Custom Sample Loader
As discussed in Dataset Format on Disk, you can specify how samples are loaded from disk and mapped to the sample dataclass in memory.
Instead of using a field_map
in your dataset.yaml
, you can also create custom python code for sample loading.
Here’s an example for your updated dataset.yaml
:
sample_type:
__module__: megatron.energon
__class__: OCRSample
sample_loader: sample_loader.py:sample_loader
part_filter: sample_loader.py:part_filter
In addition, you need to create a python file inside the .nv-meta
folder. In this case it’s
called sample_loader.py
.
That file needs to contain the two methods referenced above:
import json
import torch
def sample_loader(raw: dict) -> dict:
data = json.loads(raw["bbox.json"])
return dict(
__key__=raw["__key__"],
image=raw["jpg"],
text=raw["gt.txt"],
lines_boxes=torch.tensor([box["bbox"] for box in data], dtype=torch.int64),
lines_text=[box["text"] for box in data],
)
def part_filter(part: str) -> bool:
return part in ("bbox.json", "gt.txt", "jpg")
Your sample_loader
method must accept a dictionary as argument and return a dictionary. It directly operates on
the webdataset samples and the resulting dictionary keys should map to the corresponding sample class members.
In this case an OCRSample
.
With the optional part_filter
method, you can prevent some webdataset fields from being loaded.

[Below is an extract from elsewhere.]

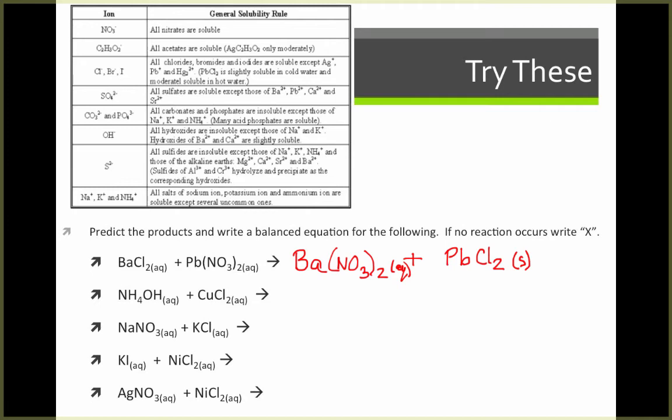Pause the video here and try the rest on your own. If no reaction occurs because both products are soluble, just write an X. When you come back, I'll reveal the answers.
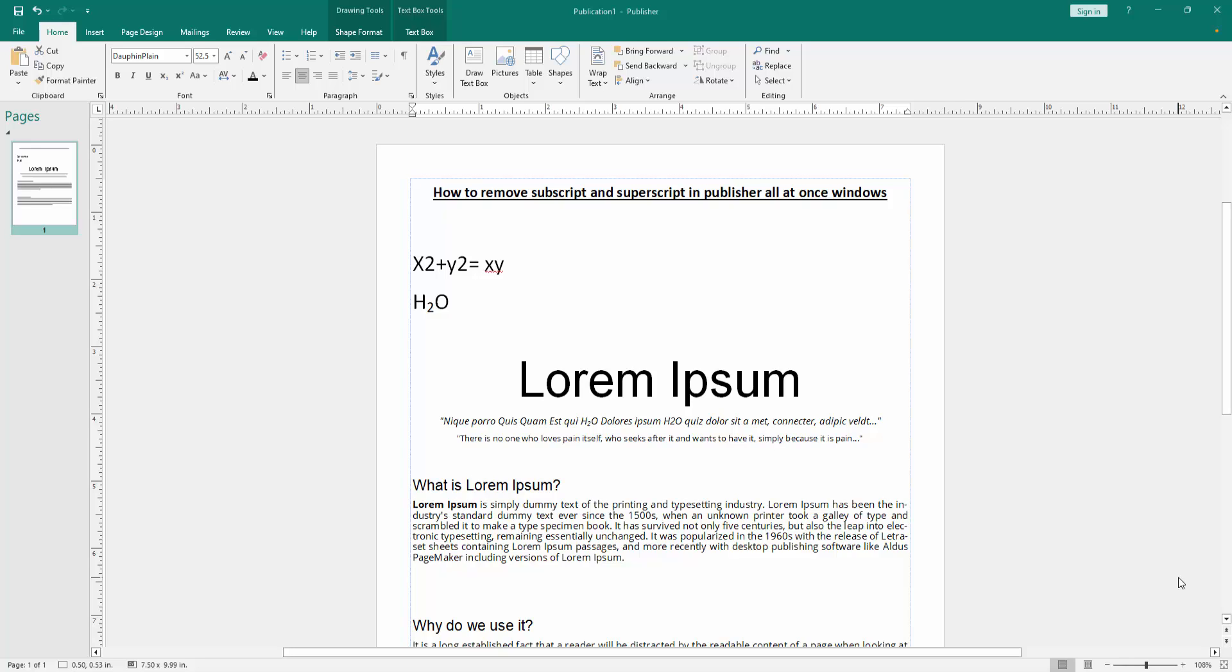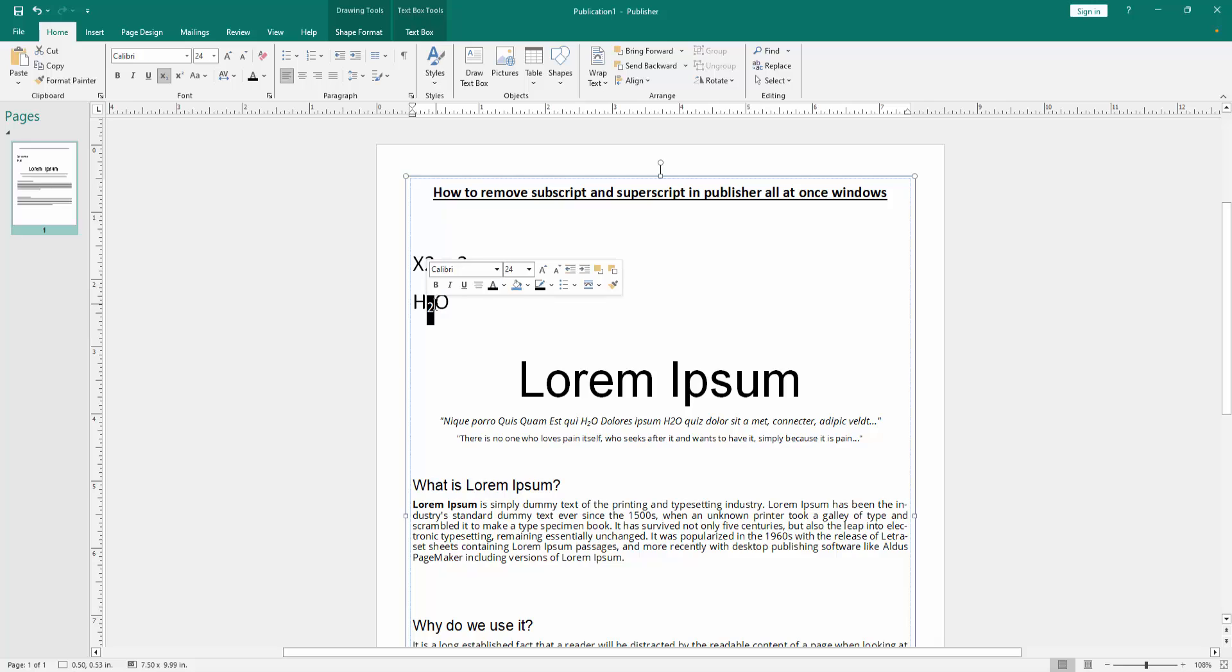Now we want to remove the subscript and superscript all at once. Select the text. Now I select the text, then go to the Home menu, then uncheck the subscript. Then select the other text and uncheck the superscript.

Given a field name, the method should return True if the field is to be kept.
Crude Data and How to Cook It 👨🍳
Sometimes, you cannot do all the conversion work to obtain a Sample
right in a small sample_loader.py
next to the dataset.
Maybe your data
is complex and contains custom binary formats and pickle data
or needs project-specific pre-processing that you don’t want to place next to the dataset
In this case, you can feed the data in its “crude” or “raw” form into your code and do the conversion there.
Let’s try it. If you already have an existing energon-compliant data set, you may want to create a copy of your dataset.yaml
specifically for this use case and keep the original:
Original dataset.yaml
:
sample_type:
__module__: megatron.energon
__class__: OCRSample
sample_loader: sample_loader.py:sample_loader
part_filter: sample_loader.py:part_filter
New crude.yaml
next to it:
__module__: megatron.energon
__class__: CrudeWebdataset
subflavors:
example_crude_selector: foobar
We recommend that you assign subflavors to differentiate the data. This helps, if you decide to mix different crude datasets or crude with non-crude data using a Metadataset. You can then use the subflavors to assign how each sample shall be processed.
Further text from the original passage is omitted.